● **Record excerpts**:
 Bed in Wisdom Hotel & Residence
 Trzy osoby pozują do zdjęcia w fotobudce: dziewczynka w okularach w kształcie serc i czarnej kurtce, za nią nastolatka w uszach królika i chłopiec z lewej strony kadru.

---

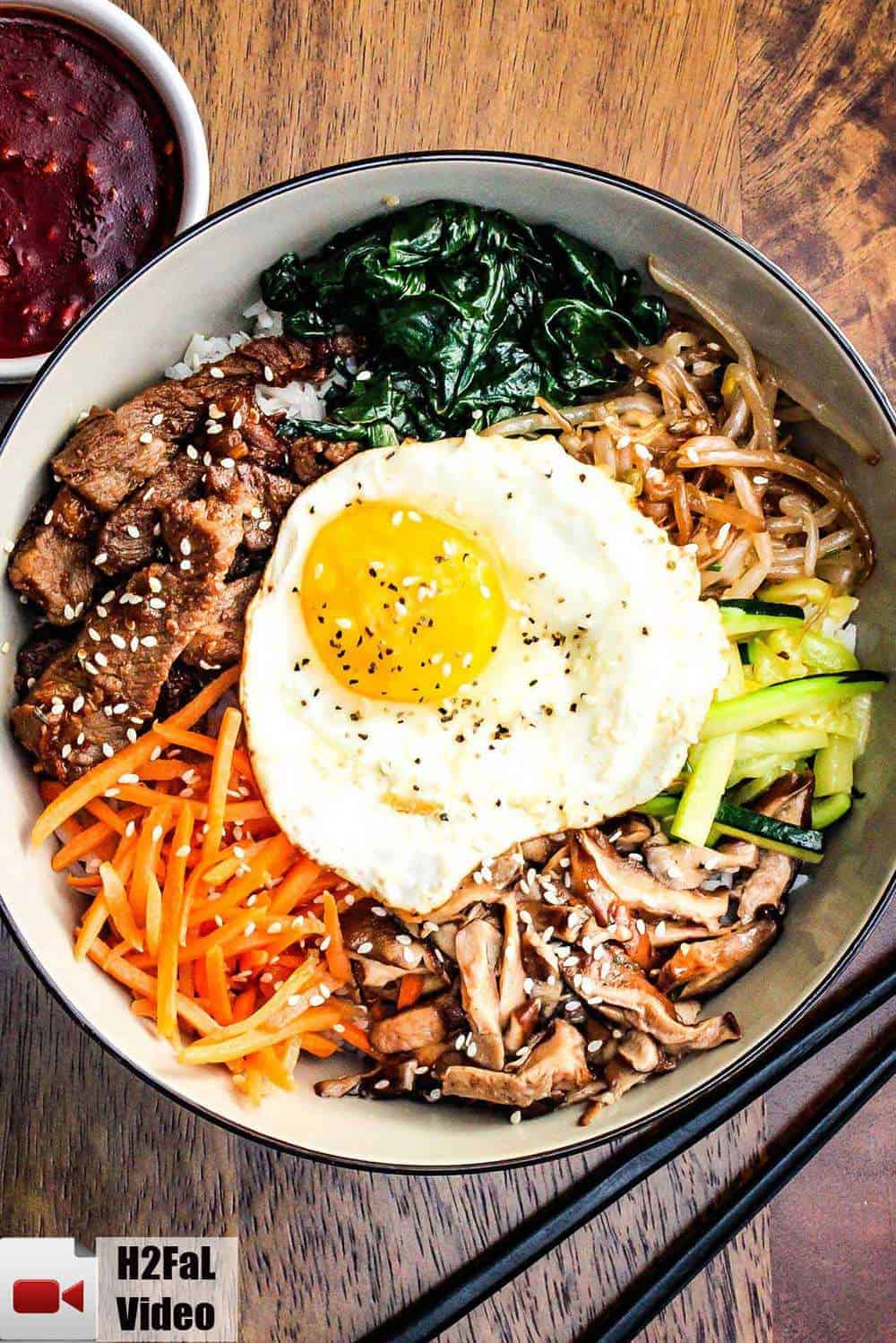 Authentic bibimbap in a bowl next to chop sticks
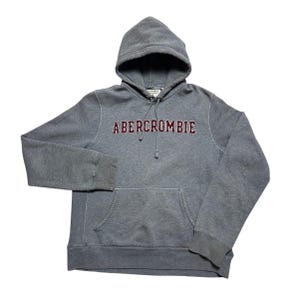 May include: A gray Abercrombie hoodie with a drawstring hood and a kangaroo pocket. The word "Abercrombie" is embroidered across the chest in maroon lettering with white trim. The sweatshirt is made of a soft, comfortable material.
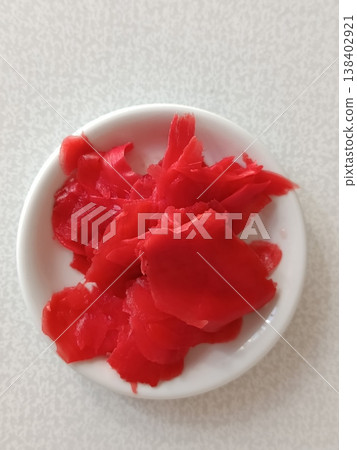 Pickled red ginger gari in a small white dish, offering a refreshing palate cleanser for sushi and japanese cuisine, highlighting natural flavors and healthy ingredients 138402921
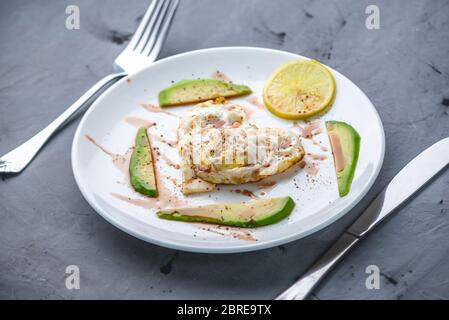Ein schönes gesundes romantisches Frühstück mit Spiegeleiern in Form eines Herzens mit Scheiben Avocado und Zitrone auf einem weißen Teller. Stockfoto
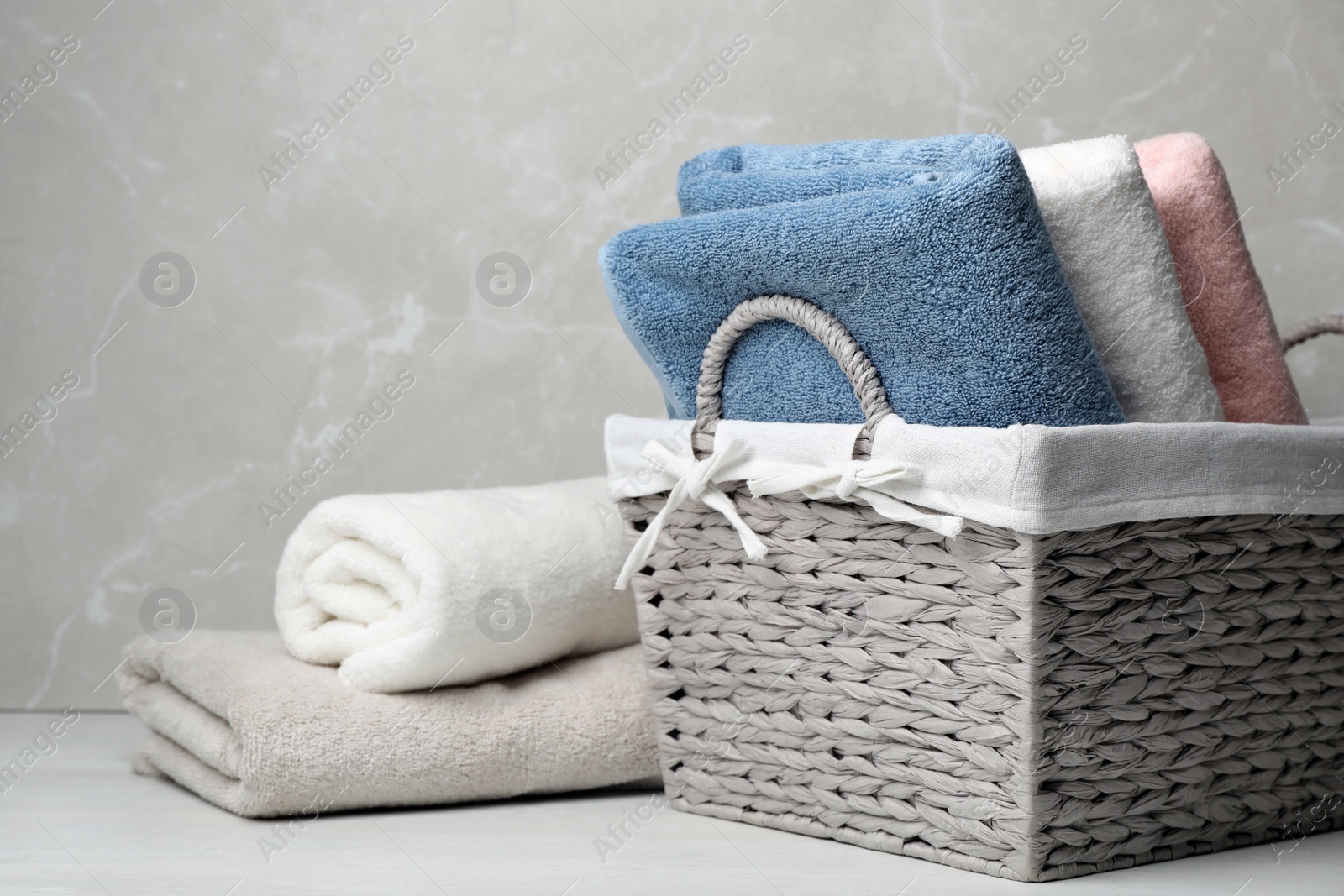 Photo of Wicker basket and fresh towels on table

...

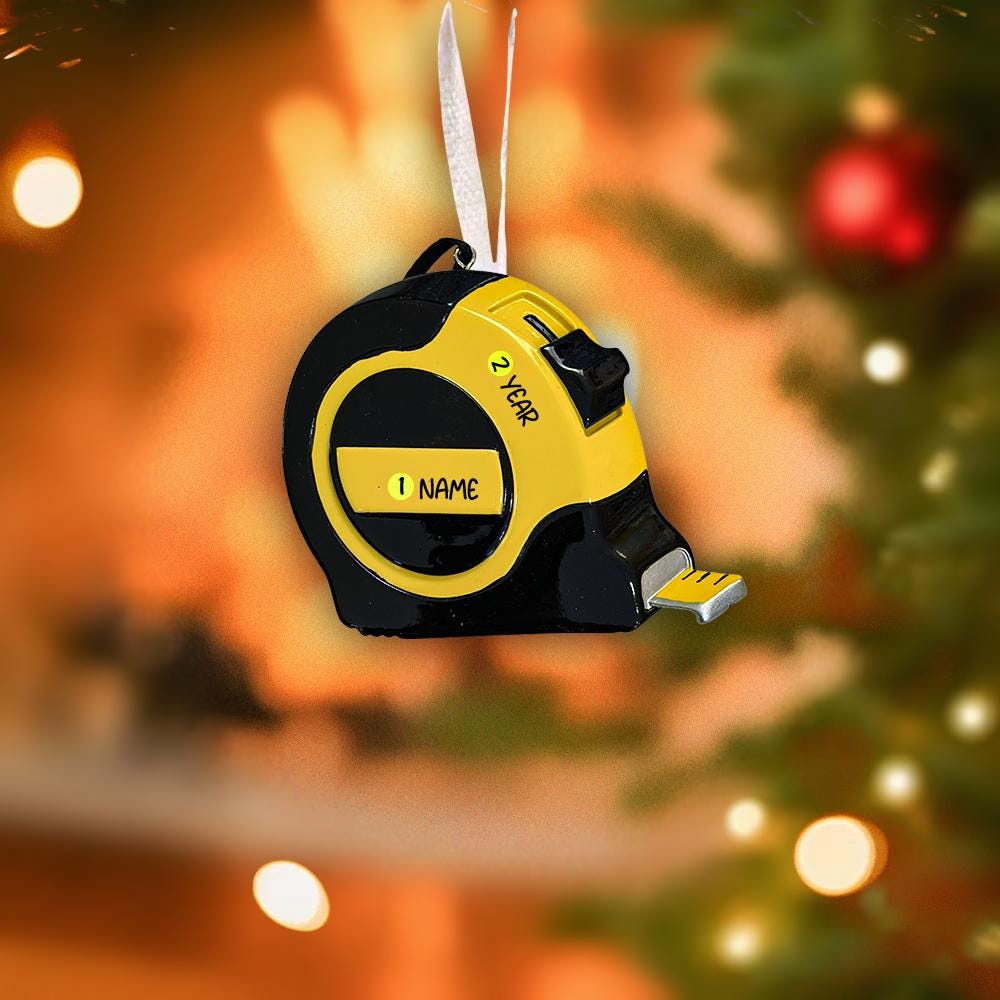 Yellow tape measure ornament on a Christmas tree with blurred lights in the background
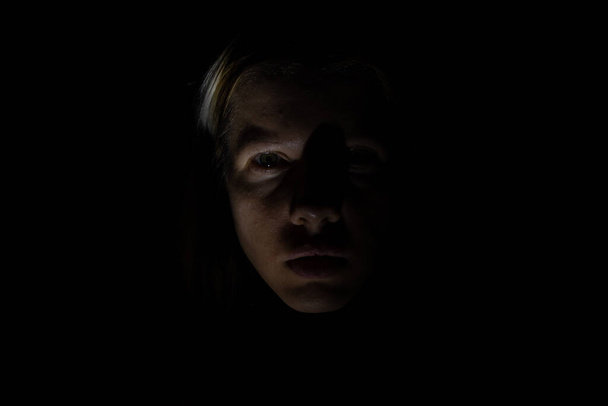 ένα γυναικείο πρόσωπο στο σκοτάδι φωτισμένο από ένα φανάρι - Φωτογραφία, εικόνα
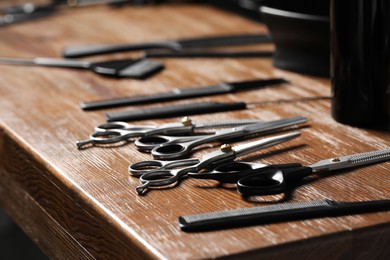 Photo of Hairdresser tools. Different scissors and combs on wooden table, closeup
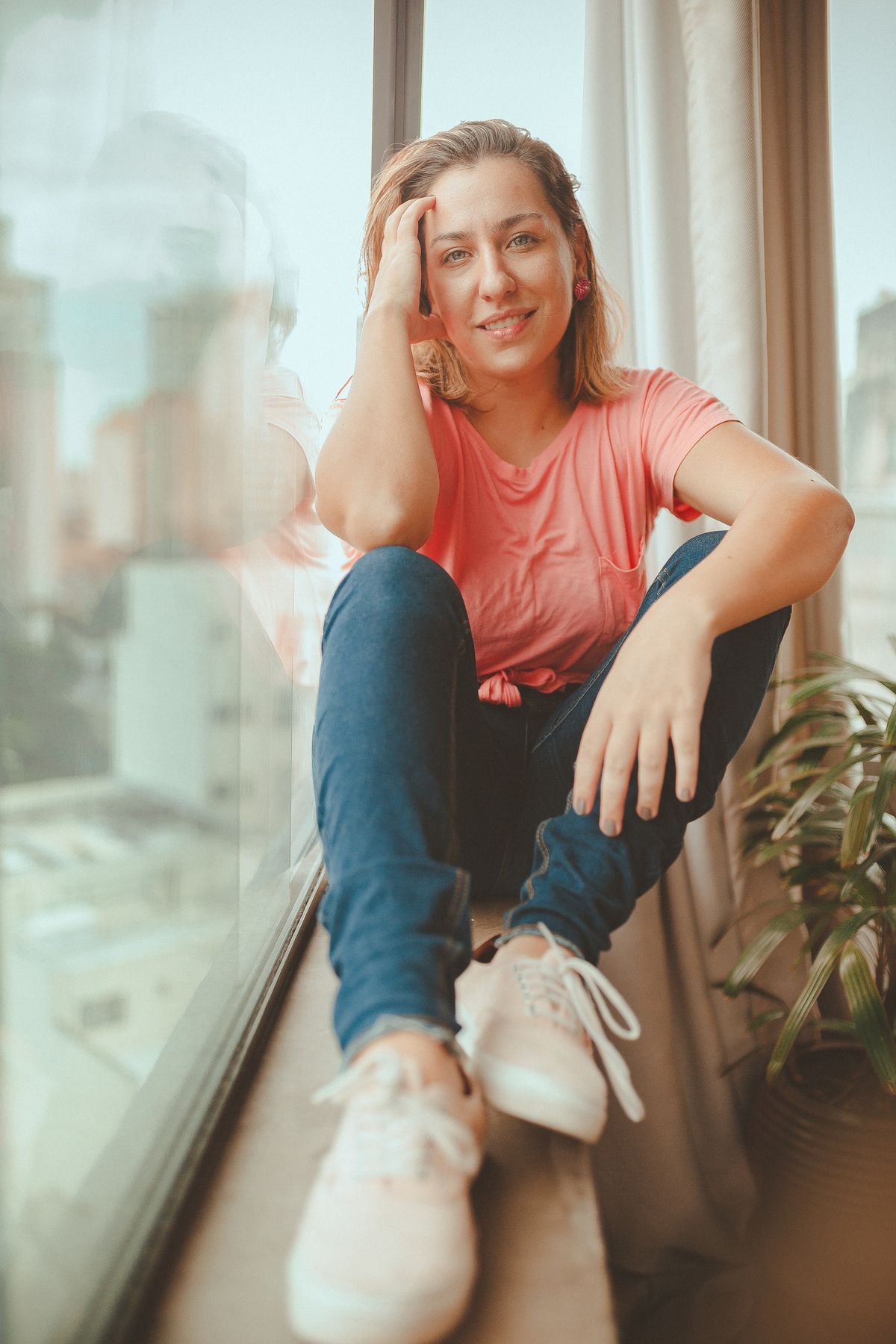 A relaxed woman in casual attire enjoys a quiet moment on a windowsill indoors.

● **What to work on**:
Using the material above, transcribe exactly the lines from the line with "Bed in Wisdom Hotel & Residence" to the line with "Trzy osoby pozują"; both count, and nothing else goes in.

● **Task result**:
 Bed in Wisdom Hotel & Residence
 Trzy osoby pozują do zdjęcia w fotobudce: dziewczynka w okularach w kształcie serc i czarnej kurtce, za nią nastolatka w uszach królika i chłopiec z lewej strony kadru.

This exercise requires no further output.